> **TASK TO COMPLETE**: What you return must match the records word for word, except that pictures are dropped.

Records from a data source
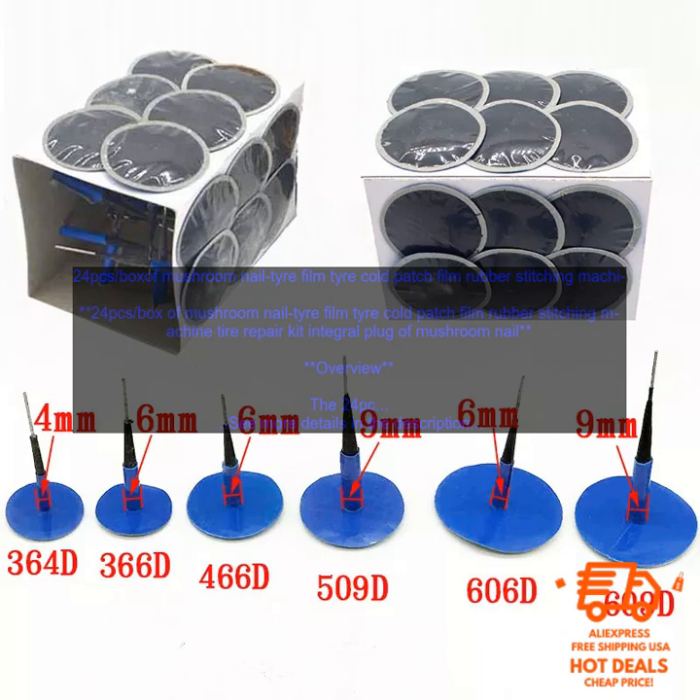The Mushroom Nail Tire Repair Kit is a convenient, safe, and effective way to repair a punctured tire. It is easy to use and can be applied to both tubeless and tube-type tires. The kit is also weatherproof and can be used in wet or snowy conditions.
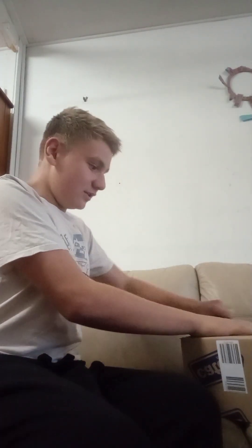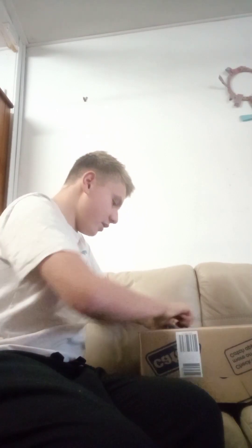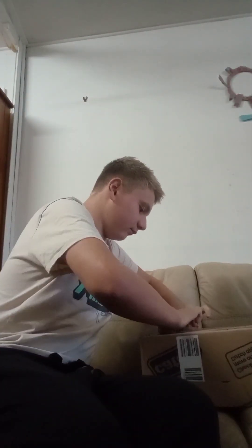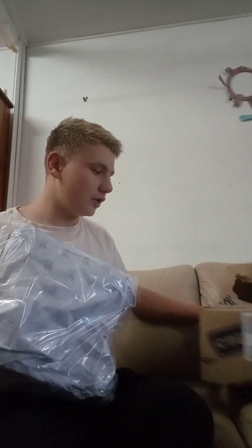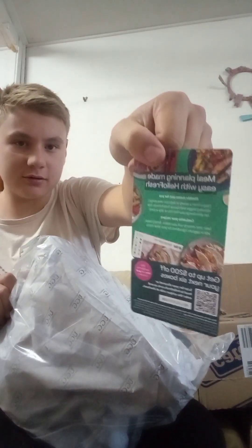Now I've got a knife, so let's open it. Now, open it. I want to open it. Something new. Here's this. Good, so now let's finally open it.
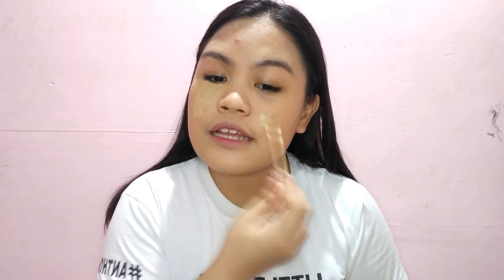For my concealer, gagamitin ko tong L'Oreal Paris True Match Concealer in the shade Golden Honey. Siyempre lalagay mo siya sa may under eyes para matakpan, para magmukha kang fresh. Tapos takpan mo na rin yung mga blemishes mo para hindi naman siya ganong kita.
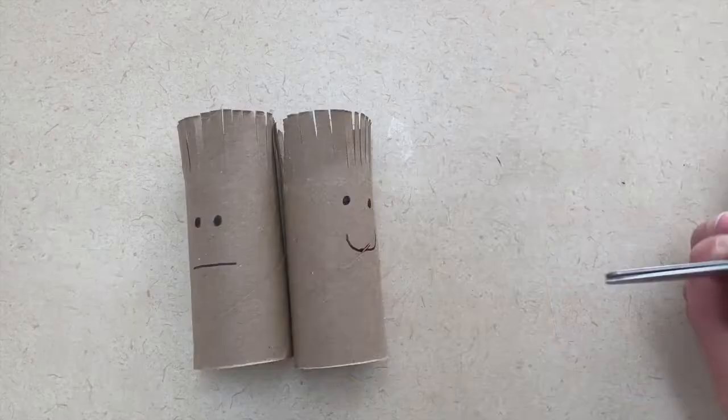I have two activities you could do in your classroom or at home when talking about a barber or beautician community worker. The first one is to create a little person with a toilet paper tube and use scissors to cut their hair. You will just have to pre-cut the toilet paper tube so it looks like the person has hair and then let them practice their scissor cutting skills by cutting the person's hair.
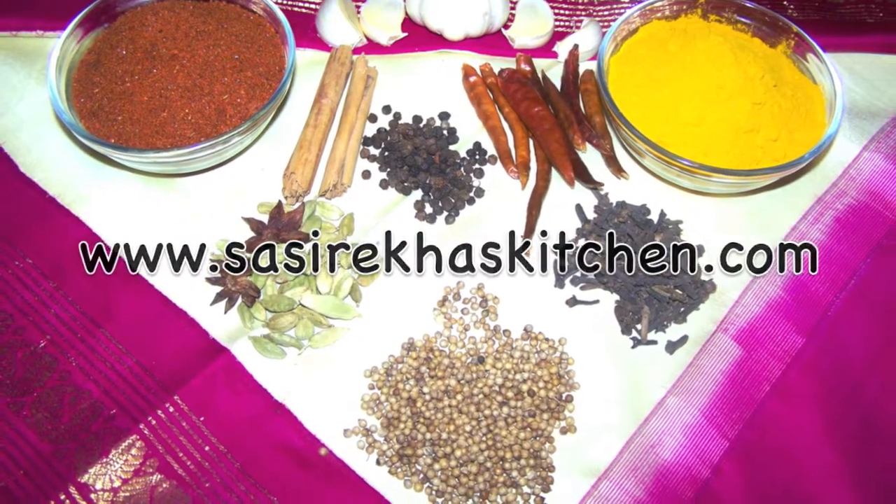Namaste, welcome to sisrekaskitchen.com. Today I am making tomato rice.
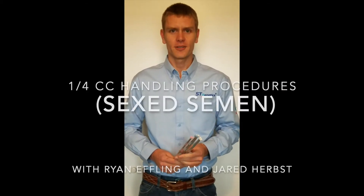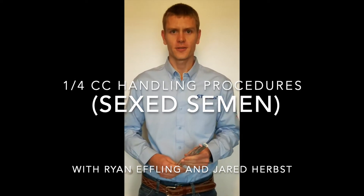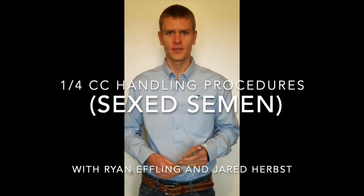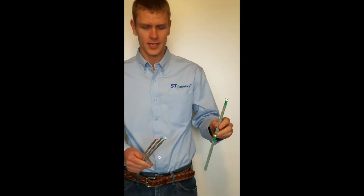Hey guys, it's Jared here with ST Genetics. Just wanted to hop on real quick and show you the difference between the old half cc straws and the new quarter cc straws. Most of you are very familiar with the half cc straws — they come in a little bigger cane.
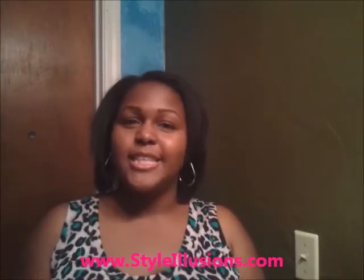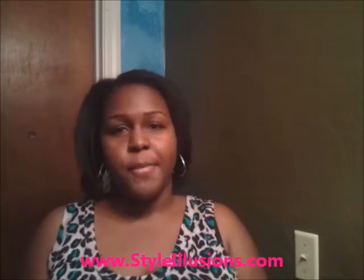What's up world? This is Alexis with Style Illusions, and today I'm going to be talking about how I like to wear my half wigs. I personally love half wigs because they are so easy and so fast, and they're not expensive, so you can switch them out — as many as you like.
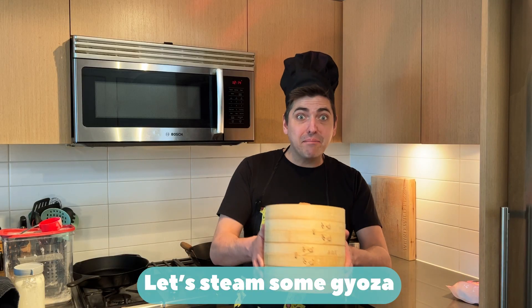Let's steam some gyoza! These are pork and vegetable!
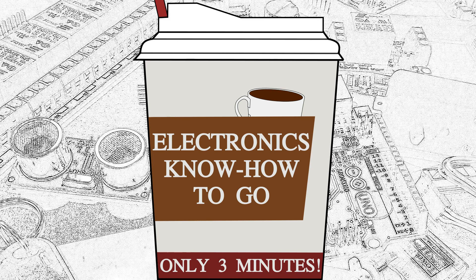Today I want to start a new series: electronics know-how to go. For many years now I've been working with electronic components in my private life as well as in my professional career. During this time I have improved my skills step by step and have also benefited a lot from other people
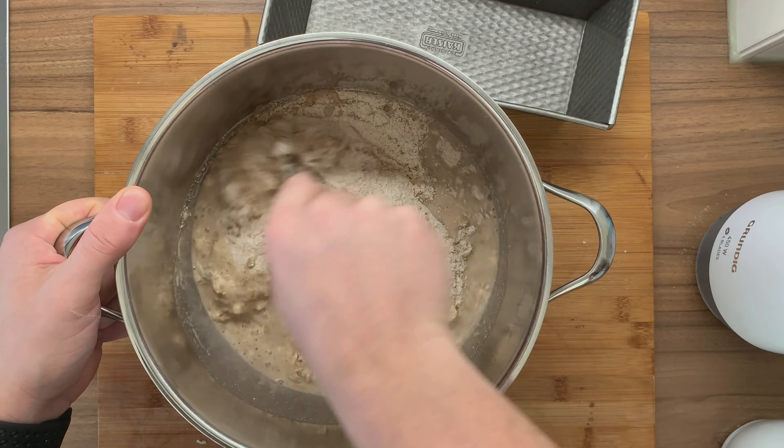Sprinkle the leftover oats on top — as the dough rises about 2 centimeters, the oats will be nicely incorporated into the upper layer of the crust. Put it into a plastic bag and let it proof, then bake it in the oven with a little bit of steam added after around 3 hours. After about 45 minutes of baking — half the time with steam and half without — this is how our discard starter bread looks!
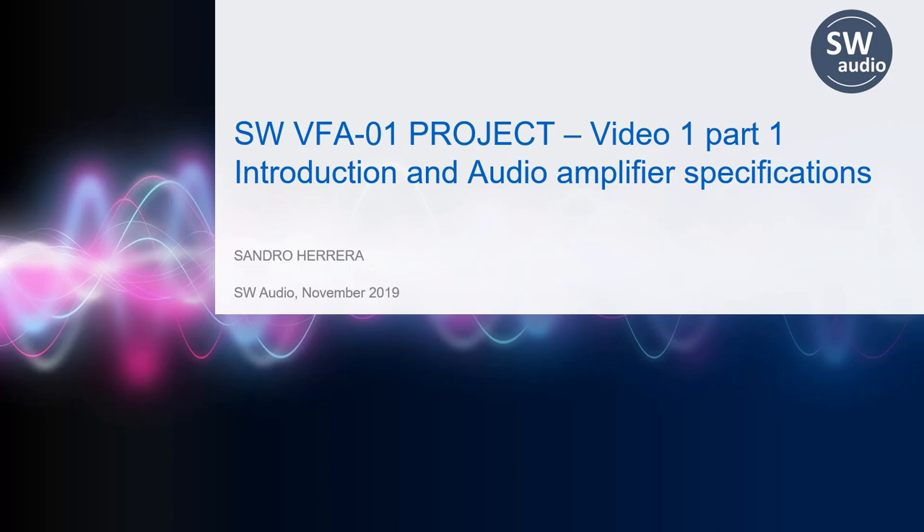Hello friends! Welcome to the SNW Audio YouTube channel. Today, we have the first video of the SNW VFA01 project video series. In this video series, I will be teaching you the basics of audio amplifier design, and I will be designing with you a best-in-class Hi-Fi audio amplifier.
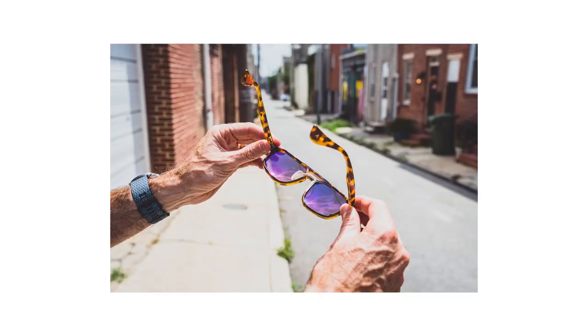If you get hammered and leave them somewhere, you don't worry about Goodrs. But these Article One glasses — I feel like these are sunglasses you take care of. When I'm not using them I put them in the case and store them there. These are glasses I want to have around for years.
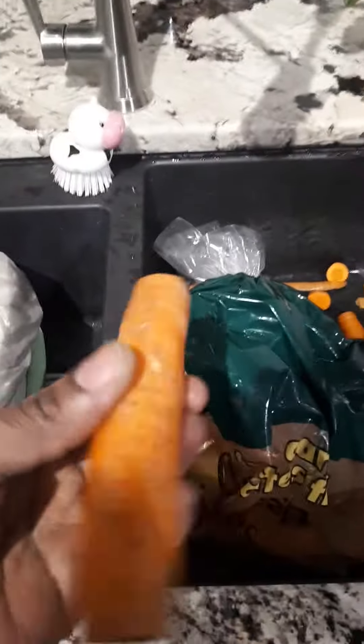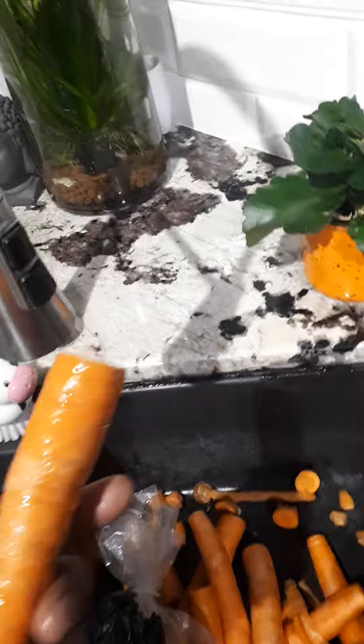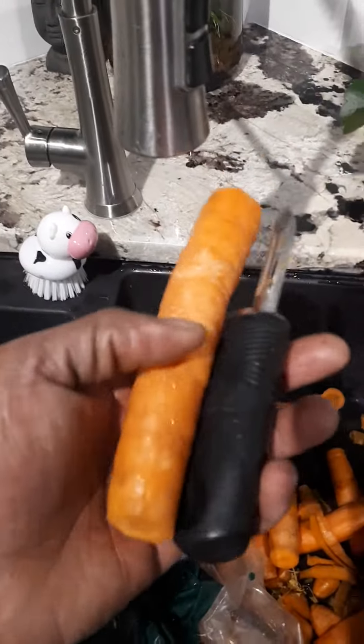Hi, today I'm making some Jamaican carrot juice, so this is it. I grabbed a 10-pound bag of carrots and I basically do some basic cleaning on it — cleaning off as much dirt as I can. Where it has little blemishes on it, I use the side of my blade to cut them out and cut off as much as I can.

> **RESULT OF THIS TASK**:
The Mushroom Nail Tire Repair Kit is a convenient, safe, and effective way to repair a punctured tire. It is easy to use and can be applied to both tubeless and tube-type tires. The kit is also weatherproof and can be used in wet or snowy conditions.
Now I've got a knife, so let's open it. Now, open it. I want to open it. Something new. Here's this. Good, so now let's finally open it.
For my concealer, gagamitin ko tong L'Oreal Paris True Match Concealer in the shade Golden Honey. Siyempre lalagay mo siya sa may under eyes para matakpan, para magmukha kang fresh. Tapos takpan mo na rin yung mga blemishes mo para hindi naman siya ganong kita.
I have two activities you could do in your classroom or at home when talking about a barber or beautician community worker. The first one is to create a little person with a toilet paper tube and use scissors to cut their hair. You will just have to pre-cut the toilet paper tube so it looks like the person has hair and then let them practice their scissor cutting skills by cutting the person's hair.
Namaste, welcome to sisrekaskitchen.com. Today I am making tomato rice.
Hey guys, it's Jared here with ST Genetics. Just wanted to hop on real quick and show you the difference between the old half cc straws and the new quarter cc straws. Most of you are very familiar with the half cc straws — they come in a little bigger cane.
What's up world? This is Alexis with Style Illusions, and today I'm going to be talking about how I like to wear my half wigs. I personally love half wigs because they are so easy and so fast, and they're not expensive, so you can switch them out — as many as you like.
Let's steam some gyoza! These are pork and vegetable!
Today I want to start a new series: electronics know-how to go. For many years now I've been working with electronic components in my private life as well as in my professional career. During this time I have improved my skills step by step and have also benefited a lot from other people
Sprinkle the leftover oats on top — as the dough rises about 2 centimeters, the oats will be nicely incorporated into the upper layer of the crust. Put it into a plastic bag and let it proof, then bake it in the oven with a little bit of steam added after around 3 hours. After about 45 minutes of baking — half the time with steam and half without — this is how our discard starter bread looks!
Hello friends! Welcome to the SNW Audio YouTube channel. Today, we have the first video of the SNW VFA01 project video series. In this video series, I will be teaching you the basics of audio amplifier design, and I will be designing with you a best-in-class Hi-Fi audio amplifier.
If you get hammered and leave them somewhere, you don't worry about Goodrs. But these Article One glasses — I feel like these are sunglasses you take care of. When I'm not using them I put them in the case and store them there. These are glasses I want to have around for years.
Hi, today I'm making some Jamaican carrot juice, so this is it. I grabbed a 10-pound bag of carrots and I basically do some basic cleaning on it — cleaning off as much dirt as I can. Where it has little blemishes on it, I use the side of my blade to cut them out and cut off as much as I can.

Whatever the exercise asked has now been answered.